Selective global font change?

I have a long Word document in which parts of the text are in TNR font and parts in Cambria. I need to get these two fonts reduced to one font, but the doc also has some symbol fonts etc here and there that I need to preserve. Is there a way to do a global *selective* font change? i.e. Can I specify that I want everything in TNR converted to Cambria, but *not* anything in another font? Doing a select-all and change to Cambria will change all my symbol fonts as well, of course.

Thanks -

WTP

OSX 10.9.3

Word for Mac 2011 14.1.0

Answer
Answer

Identify the style that is set in TNR, and change its font to Cambria.  Three clicks and you're done.  It really is that simple!
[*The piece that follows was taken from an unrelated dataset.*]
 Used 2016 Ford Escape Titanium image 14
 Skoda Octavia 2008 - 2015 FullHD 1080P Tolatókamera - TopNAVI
If you are a victim of a document in which the styles in use are random (or the whole document is in Normal style) then you need to use Find/Replace to selectively replace a font.

  1. Before you do that, change the styles in use to have Cambria as the font.  Otherwise subsequent editing of the document will cause TNR to keep coming back.
  2. Now bring up the Find/Replace dialog by going to the Edit menu and choosing Find>Advanced Find and Replace.  Sorry, the new ribbon-based search/replace mechanism is a cringeworthy usability disaster that actually left out the controls you will need.
  3. In the Find tab, make sure the Find What box is empty (check carefully to ensure it does not have any spaces in it)
  4. Click the small grey downward arrow at the bottom left of that dialog, to reveal the rest of the controls.
  5. On the Format drop-down choose Font then select TNR.  Make sure you leave everything else in this tab blank, so we get "all" instances of TNR.
  6. At the top of the dialog, change to the Replace tab.
  7. Click in the Replace With box and make sure it too is empty (clicking in it is important: otherwise you can't set the Replace font).
  8. Again, in the Format drop-down select Font, then select Cambria
  9. Click Replace All

Note:  If you have not changed the font in your styles, TNR will continue to break out all over the document like a dose of the measles.  What we have done with the Advanced Find/Replace is effectively hard-coded the font in parts of the document. That's a bad idea: not only does it make the document unnecessarily large and complex internally, but it means that any editing that causes text to revert to the formatting of the underlying style (such as a paste...) will keep bringing TNR back.

Hope this helps

John McGhie, Consultant Technical Writer.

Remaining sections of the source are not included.